The advent of the digital image has changed everything. We all know it. Among the many changes coming from the passage from strips of plastic film covered with photosensitive material (film), or magnetized (magnetic tape, cassettes) to smaller and smaller memory cards, there is one change which, in contrast to the thrust propulsive digital, has been responsible for a "behavioral" involution of filmmakers (and photographers). No one seemed to realize that. The digital explosion stopped the chore of buying continuosly videotapes and film rolls!
Some of my readers could think.
Do not worry. I'm one of those filmmakers who will always thank the digital for avoid us the need of buying videotapes. But as Nature teaches, each new conquest, every evolution of more convenient new adaptations always has a compensation. There is always the other side of the coin and in this case, the obvious advantage of not having to buy videotapes anymore is in contrast with the negative filmmakers "de-empowerment".
But let me explain: whether you were a high-level professional, an enthusiast amatour, or just a beginner novice , having to deal with the supply of tapes or films required the operator to evaluate carefully when to press START and, moreover, when to press STOP. The tape was something very precious and not just becaue it was very expenive, but also because it didn't have the infinitive memory of the current memory card devices (this was a very important aspect while you where working). If you were in particular areas where it was hard to find tapes, the management of tapes " stock" became a vital aspect of the production. It happen to me to run out of the dairly established tape and I had to evaluate if using one bound for the next day in order to shoot a specific situation/scene knowing to reduce the number of tapes bound for the following day. It was a really trouble situation.
The importance given to the cost of a tape (meaning both in an economic and logistic sense) had the great merit of forcing anyone who approch a video camera to wonder if his actions was correct, monitoring continuously all aspects of the filming (exposure, composition, camera movement , etc.). It was the famous "attention for the details ".
The use of tapes forced filmmakers to do the right thing at the right time . It was a real " Darwinian selective pressure " which, in the end , allowed the survival - as a documentary maker - of those who had the strongest motivations and determination to be true filmmaker.
With the digital explosion, the environment of filmmaker is completely changed and this selective factor has completely lost its influence/effectiveness.
Those who believein the miraculous abilities of the digital post-production to "correct " what has been done, is denying and underestimating the role of technical/expressive skills needed to shoot at high level even in bright digital age.
The advantages coming from the modern technology which make possible the achivment of good results underline the need of attention that must be paid in every detail exspecially if you wish to have success.
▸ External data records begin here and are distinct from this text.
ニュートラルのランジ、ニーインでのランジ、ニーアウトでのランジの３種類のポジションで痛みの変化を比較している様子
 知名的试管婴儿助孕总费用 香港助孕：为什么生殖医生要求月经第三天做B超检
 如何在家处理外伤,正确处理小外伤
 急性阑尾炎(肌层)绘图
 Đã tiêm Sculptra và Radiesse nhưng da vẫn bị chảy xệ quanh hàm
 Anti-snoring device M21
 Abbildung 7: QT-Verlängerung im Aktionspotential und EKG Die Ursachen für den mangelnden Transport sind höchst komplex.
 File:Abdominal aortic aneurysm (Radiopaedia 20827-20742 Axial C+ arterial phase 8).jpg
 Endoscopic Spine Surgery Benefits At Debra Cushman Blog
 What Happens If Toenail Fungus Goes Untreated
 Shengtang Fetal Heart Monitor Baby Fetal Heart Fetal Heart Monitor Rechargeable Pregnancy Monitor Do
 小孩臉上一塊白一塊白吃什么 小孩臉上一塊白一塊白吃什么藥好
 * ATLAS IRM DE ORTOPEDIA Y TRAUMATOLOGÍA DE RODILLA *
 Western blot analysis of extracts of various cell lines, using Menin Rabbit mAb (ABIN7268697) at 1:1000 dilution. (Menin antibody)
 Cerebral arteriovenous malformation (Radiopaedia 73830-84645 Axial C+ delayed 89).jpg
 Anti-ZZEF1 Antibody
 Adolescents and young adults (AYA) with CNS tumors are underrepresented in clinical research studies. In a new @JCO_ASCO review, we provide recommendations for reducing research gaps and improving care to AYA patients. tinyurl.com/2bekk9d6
Today more than ever before.
Never think to adjust the job you did in the post production session as often do learners while filming. It's important to do a good job from the very beginning. If it is true that there will always be a chance of improving while editing, an unperfect picture can became an accettable one but never a masterpiece.
Do this exercise : prepare a small shooting session and pretend to have a beautiful 16mm camera. instead of your digital video camera and to have a limited number of minutes of film. Get out and start shooting following your scheduled work, without exceeding in time. Never check on what you shoot while you're on the set.
At the end of the shooting session go to your computer and look at the pictures you took. Judge yourself and have a great time!
The skill of catching what you want without repeating the sequence 100 times , brings another important advantage that will be useful if you wish to be a filmmaker : the ability to create the scenes you want without producig a large amount of footage.
If the possibility to choose between different options represents a positive aspect, especially for directors and editors, being forced to watch hours and hours of useless material is something that irritates and that makes you lose precious working days.
In the world of professional video, time is money!